THE TASK =>
Every line from the one with "Robert John Burke" through the final line of the data below goes in the answer, copied exactly. Pictures do not.

MATERIAL PROVIDED =>

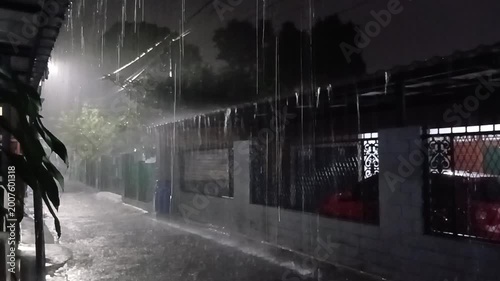 Heavy rain falling on a residential street at night with visible water splashes and dim lighting, creating a moody urban atmosphere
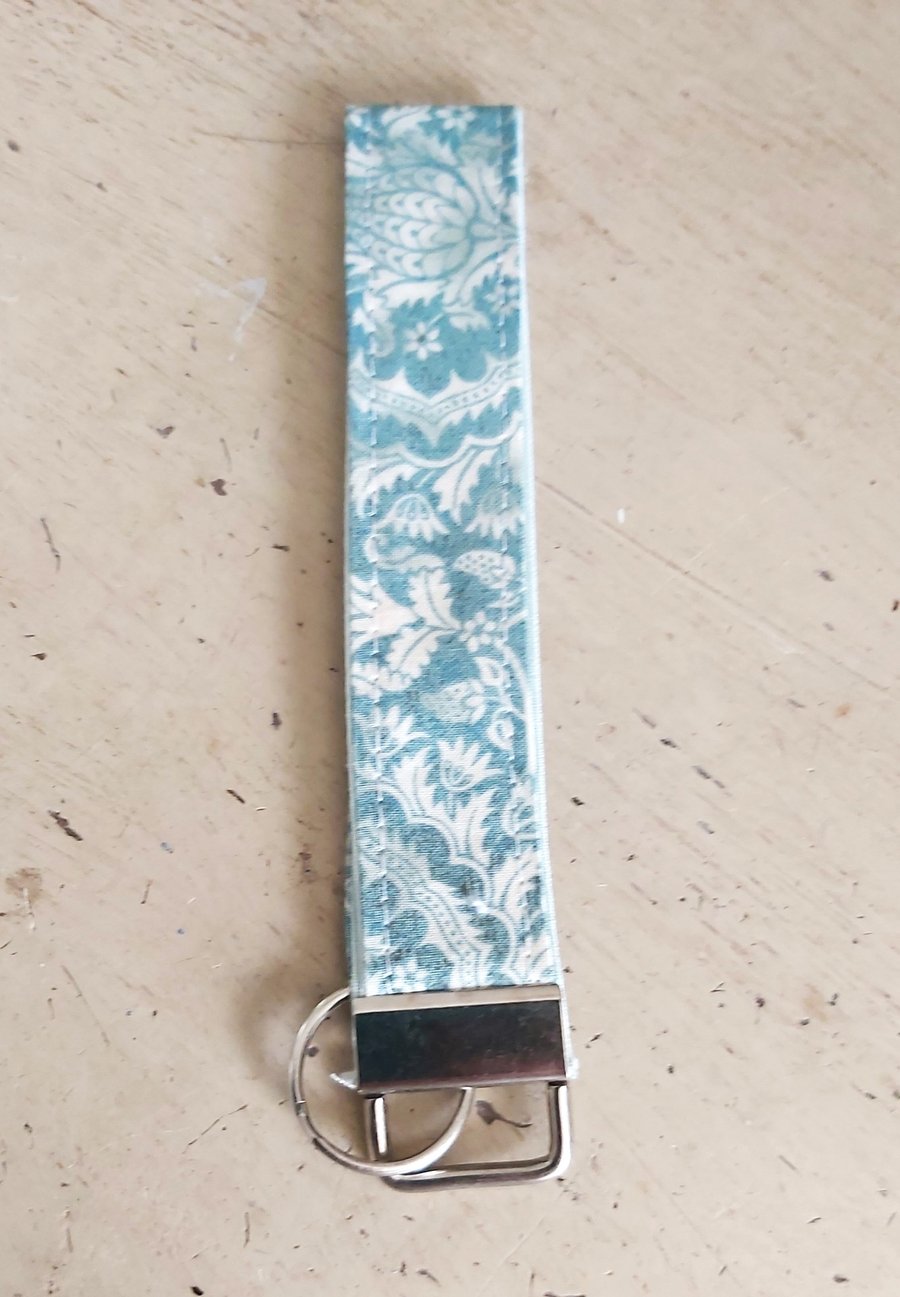 Cheerful wrist band, hanging key fob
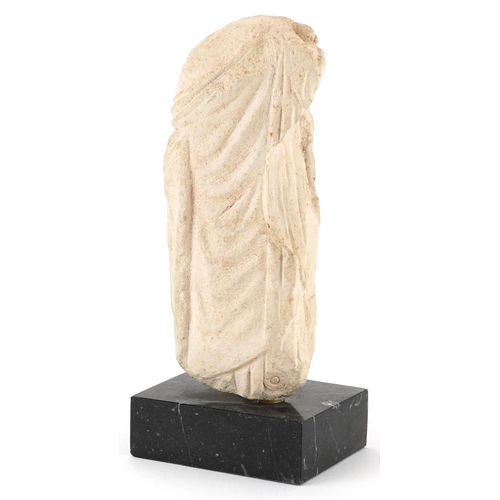 412 - Hellenistic style carving of a scantily dressed female wearing a robe raised on a rectangular black ... 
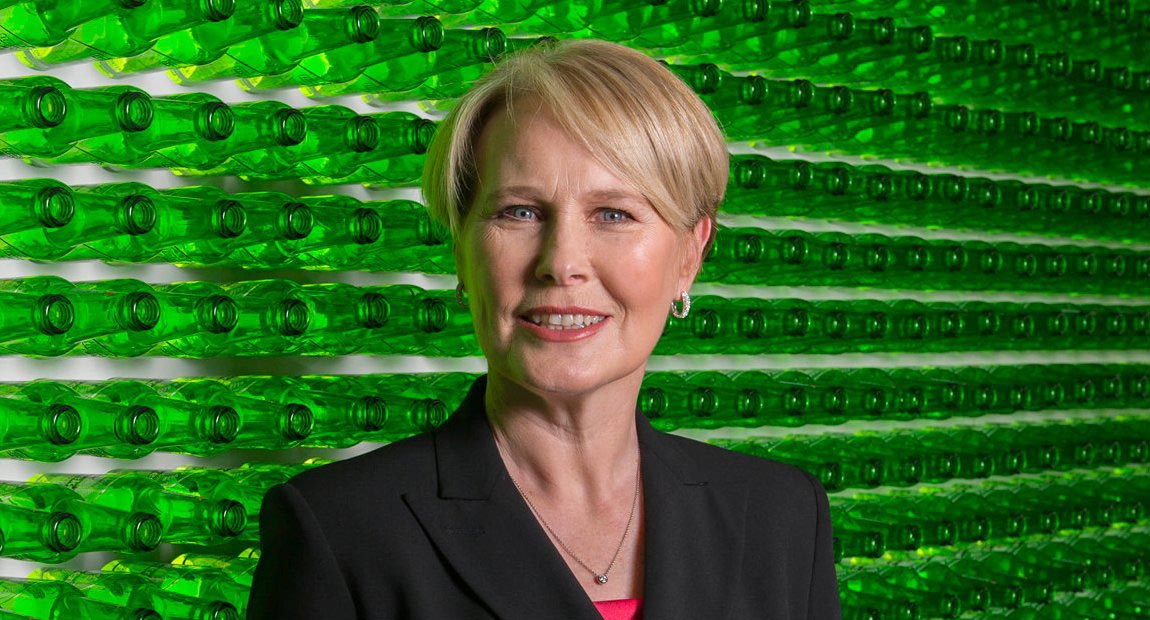 Margaret C Timoney in front of a wall of Heineken bottles.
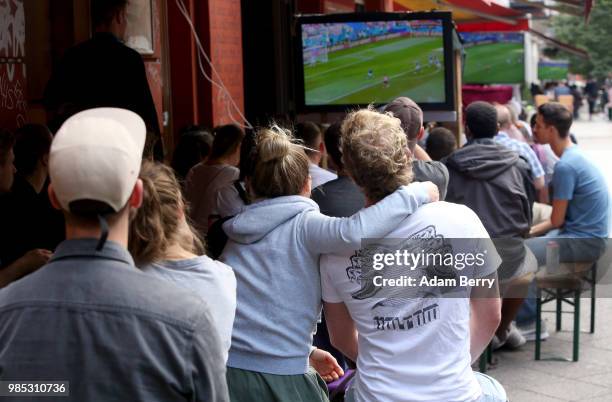 German team fans watch Germany play South Korea in the teams' World Cup match on the sidewalk outside a late night shop on June 27, 2018 in Berlin,...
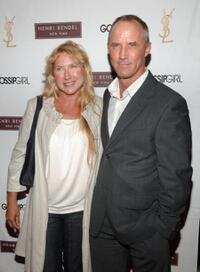 Robert John Burke and Guest at the Henri Bendel and YSL Beaute celebration of "Gossip Girl" Season 2.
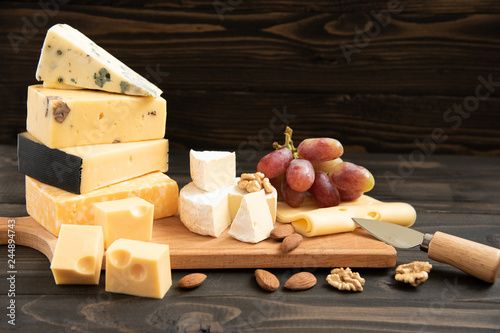 Various types of cheese on a rustic table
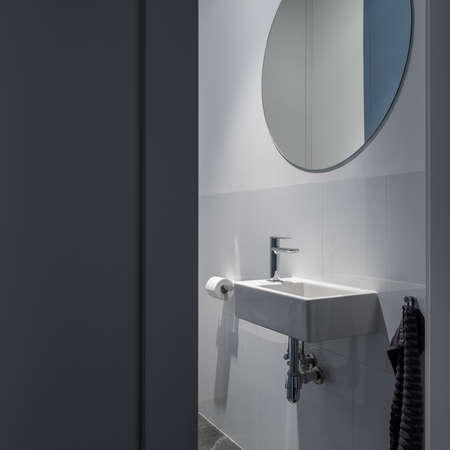 Small and simple white washbasin under big, round mirror in bathroom with gray tilesの写真素材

TASK RESPONSE =>
 Robert John Burke and Guest at the Henri Bendel and YSL Beaute celebration of "Gossip Girl" Season 2.
 Various types of cheese on a rustic table
 Small and simple white washbasin under big, round mirror in bathroom with gray tilesの写真素材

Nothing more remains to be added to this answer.